/---

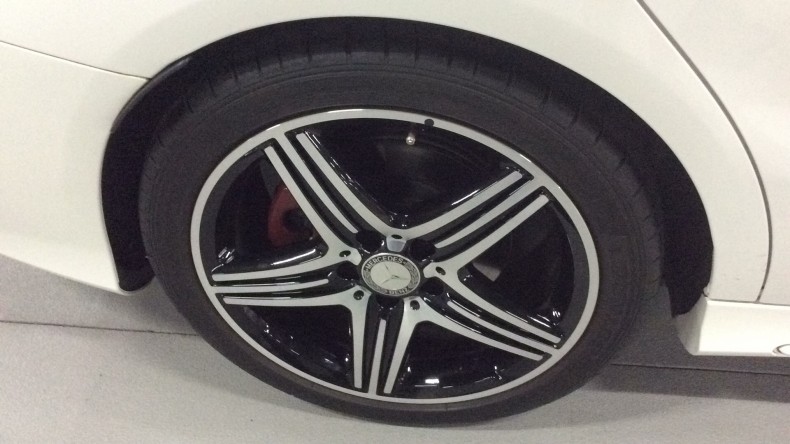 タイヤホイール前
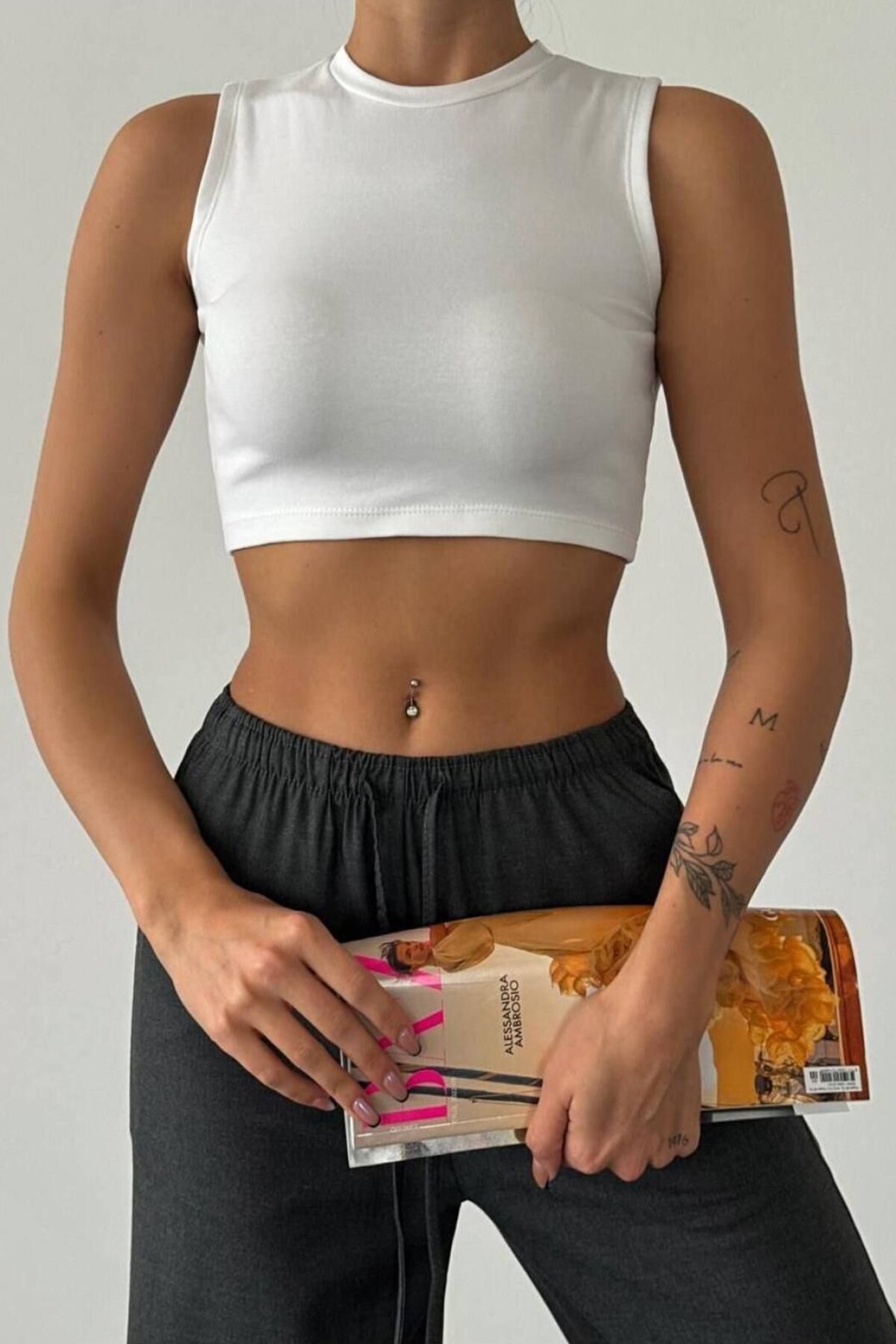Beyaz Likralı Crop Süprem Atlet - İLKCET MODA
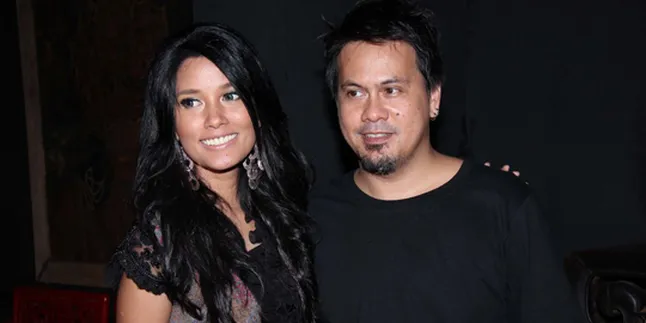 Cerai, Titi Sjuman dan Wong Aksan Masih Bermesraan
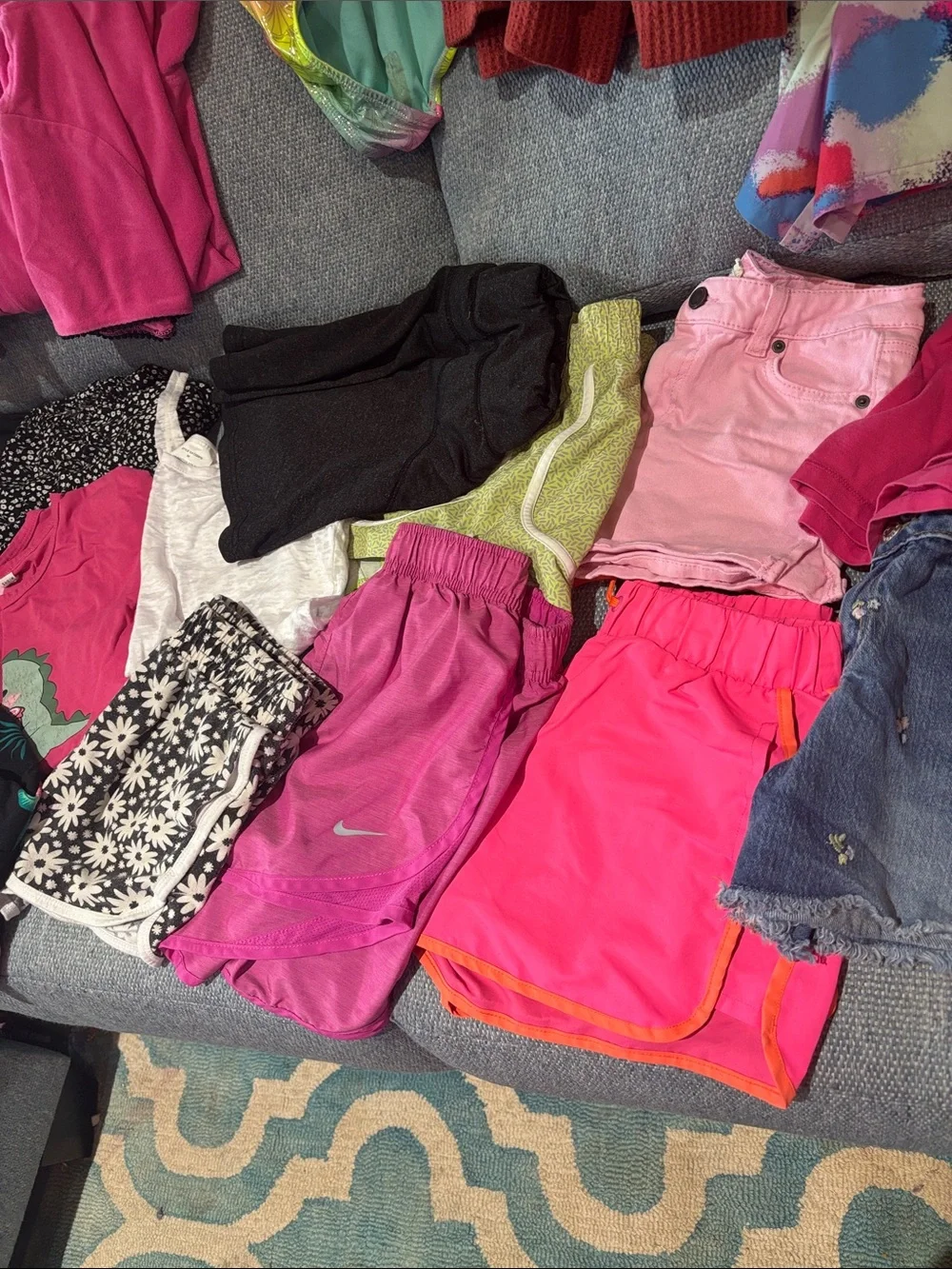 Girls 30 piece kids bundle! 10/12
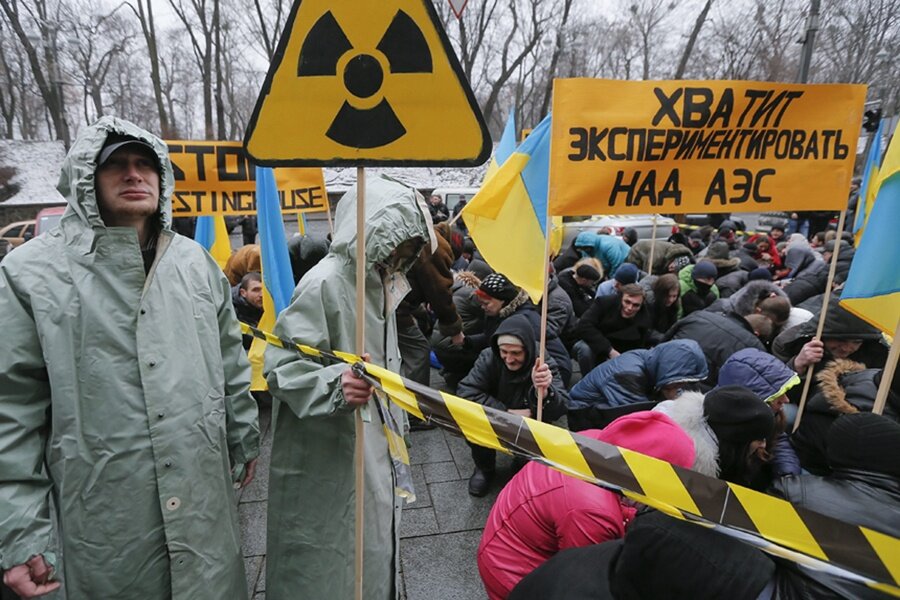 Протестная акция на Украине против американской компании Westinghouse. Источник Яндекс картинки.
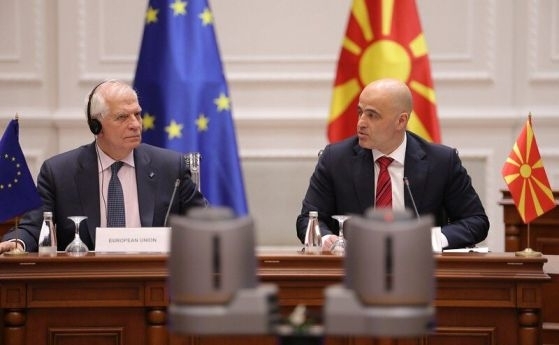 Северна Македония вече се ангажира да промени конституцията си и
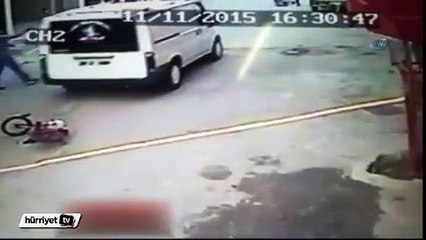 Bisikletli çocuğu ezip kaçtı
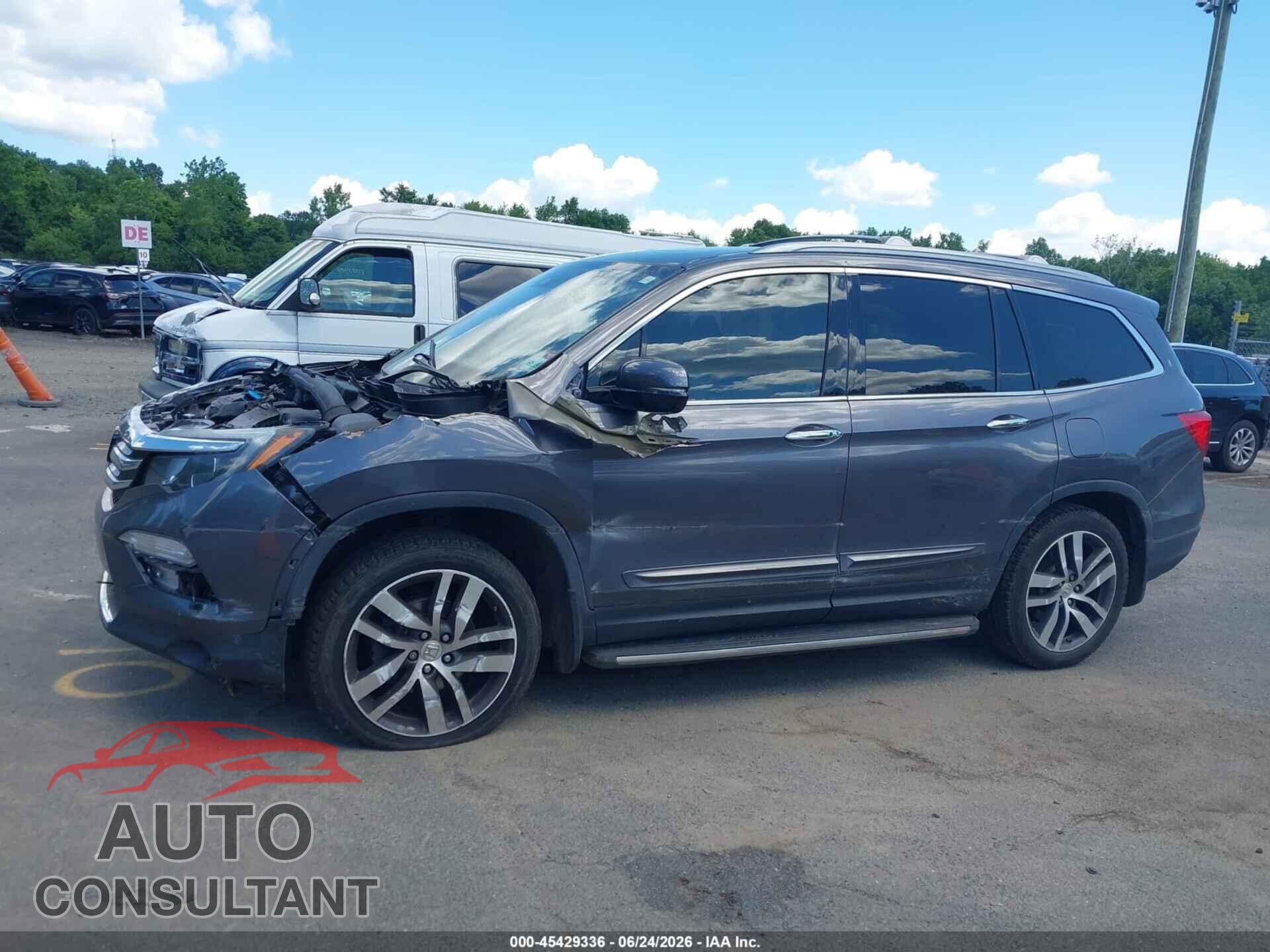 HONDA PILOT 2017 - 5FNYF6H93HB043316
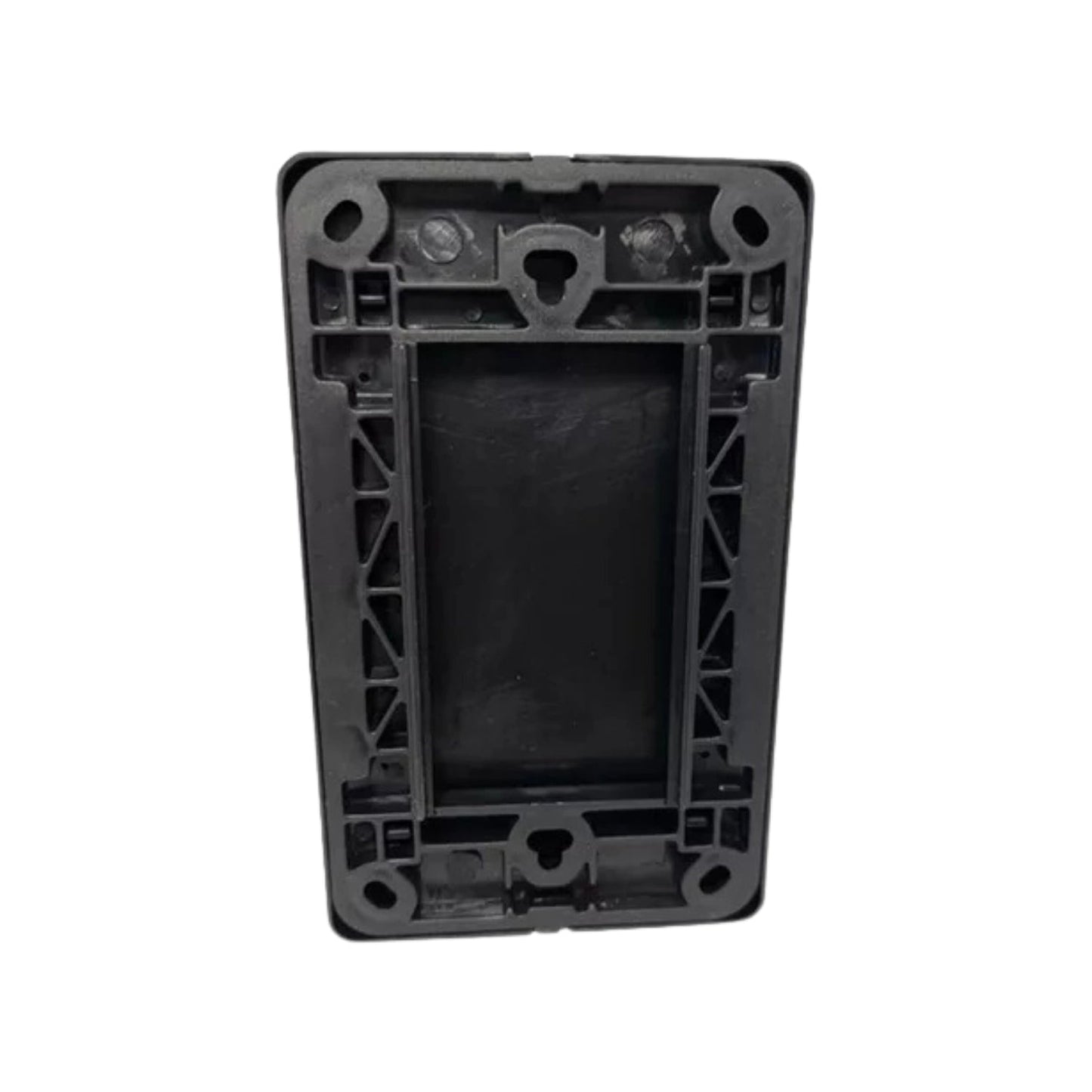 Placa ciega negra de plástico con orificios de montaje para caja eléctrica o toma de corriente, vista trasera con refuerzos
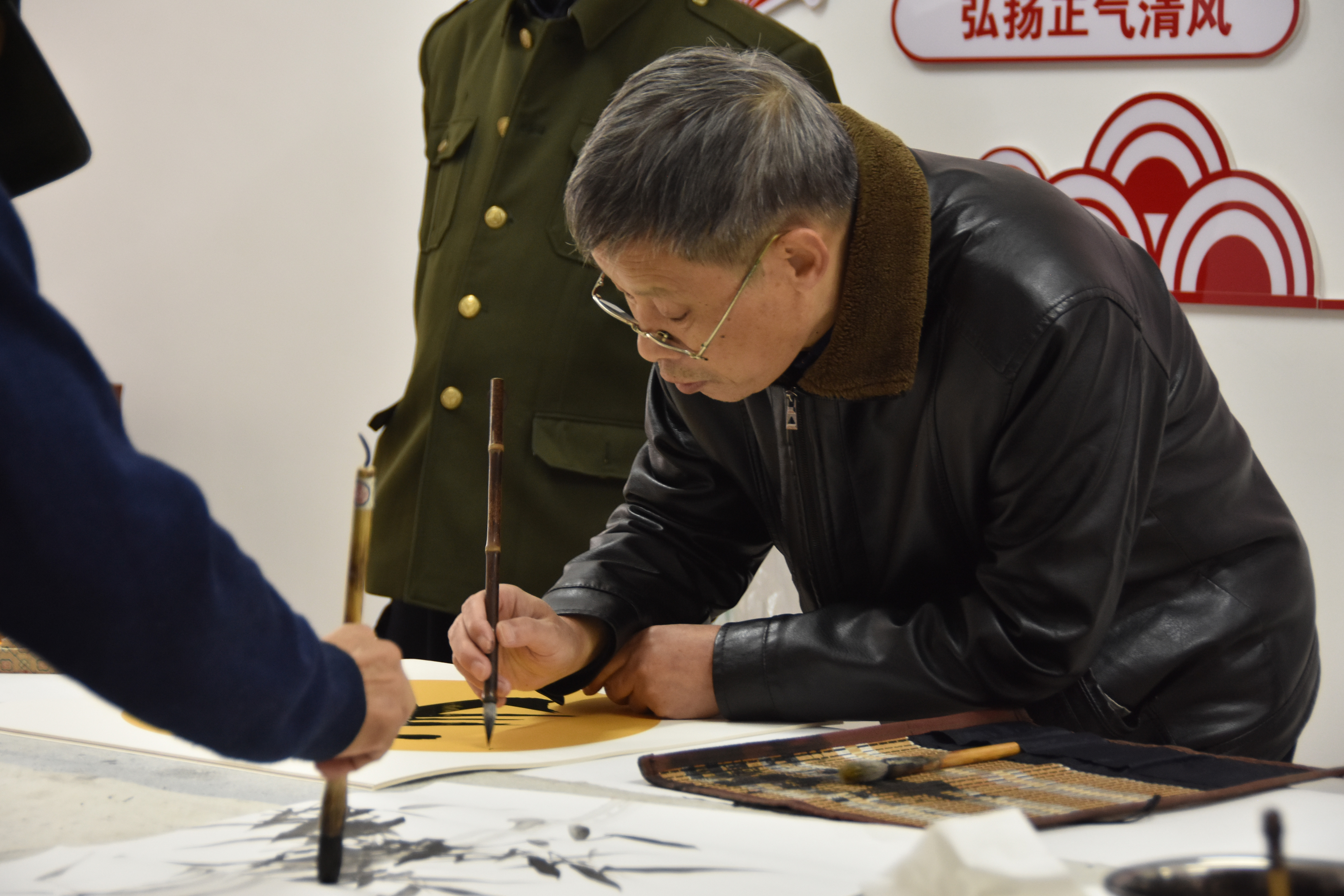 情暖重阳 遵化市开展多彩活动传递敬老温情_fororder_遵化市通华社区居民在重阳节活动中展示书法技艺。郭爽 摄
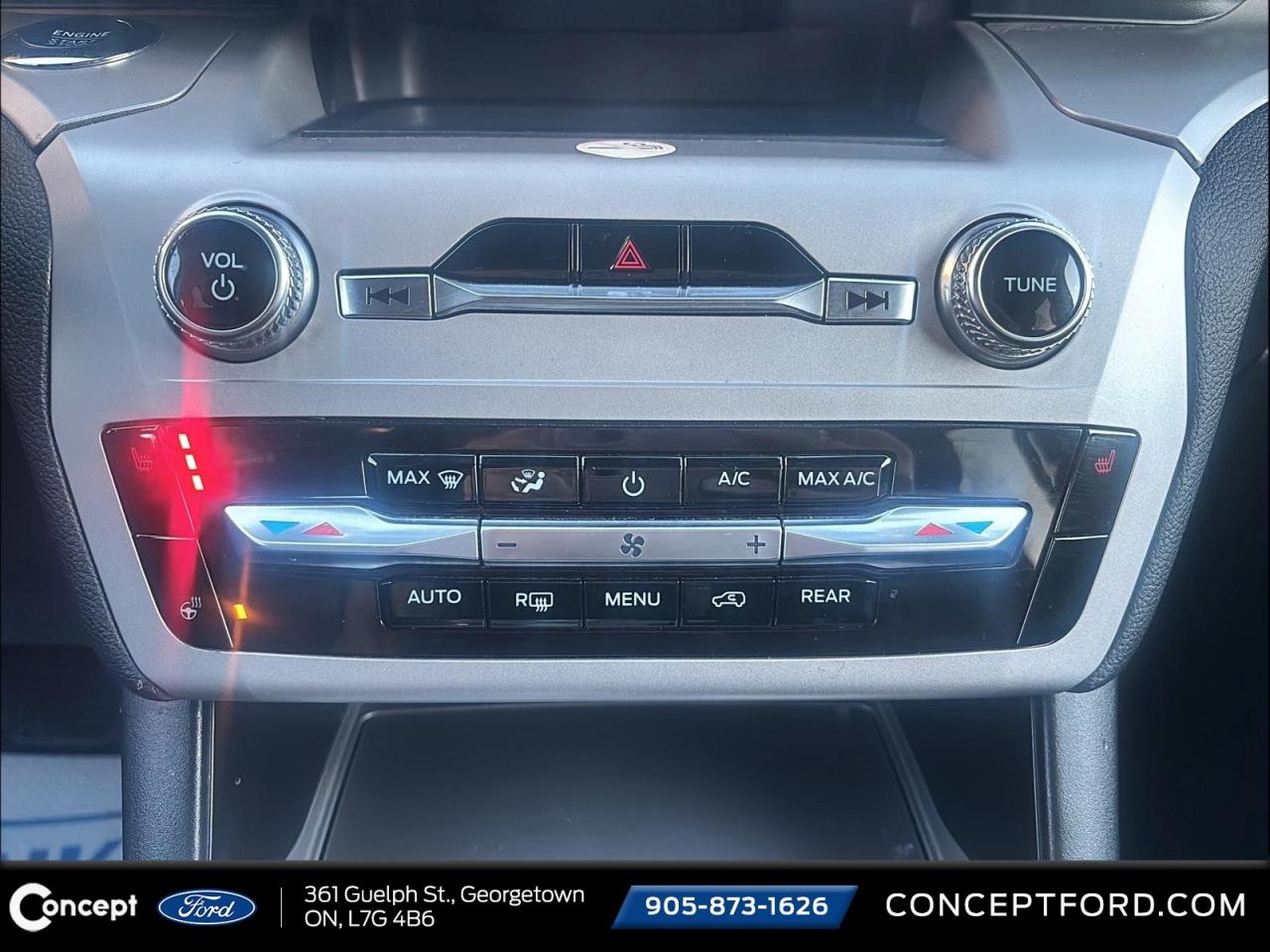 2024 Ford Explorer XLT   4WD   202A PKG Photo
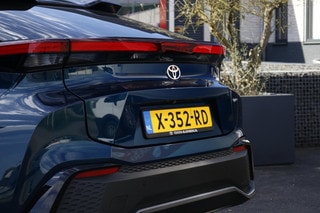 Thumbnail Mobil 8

\---

TASK PROMPT
Begin at the line containing "Beyaz Likralı Crop Süprem Atlet - İLKCET MODA" and restate exactly every line through the end of the material, skipping the pictures.

WRITTEN RESPONSE
Beyaz Likralı Crop Süprem Atlet - İLKCET MODA
 Cerai, Titi Sjuman dan Wong Aksan Masih Bermesraan
 Girls 30 piece kids bundle! 10/12
 Протестная акция на Украине против американской компании Westinghouse. Источник Яндекс картинки.
 Северна Македония вече се ангажира да промени конституцията си и
 Bisikletli çocuğu ezip kaçtı
 HONDA PILOT 2017 - 5FNYF6H93HB043316
 Placa ciega negra de plástico con orificios de montaje para caja eléctrica o toma de corriente, vista trasera con refuerzos
 情暖重阳 遵化市开展多彩活动传递敬老温情_fororder_遵化市通华社区居民在重阳节活动中展示书法技艺。郭爽 摄
 2024 Ford Explorer XLT   4WD   202A PKG Photo
 Thumbnail Mobil 8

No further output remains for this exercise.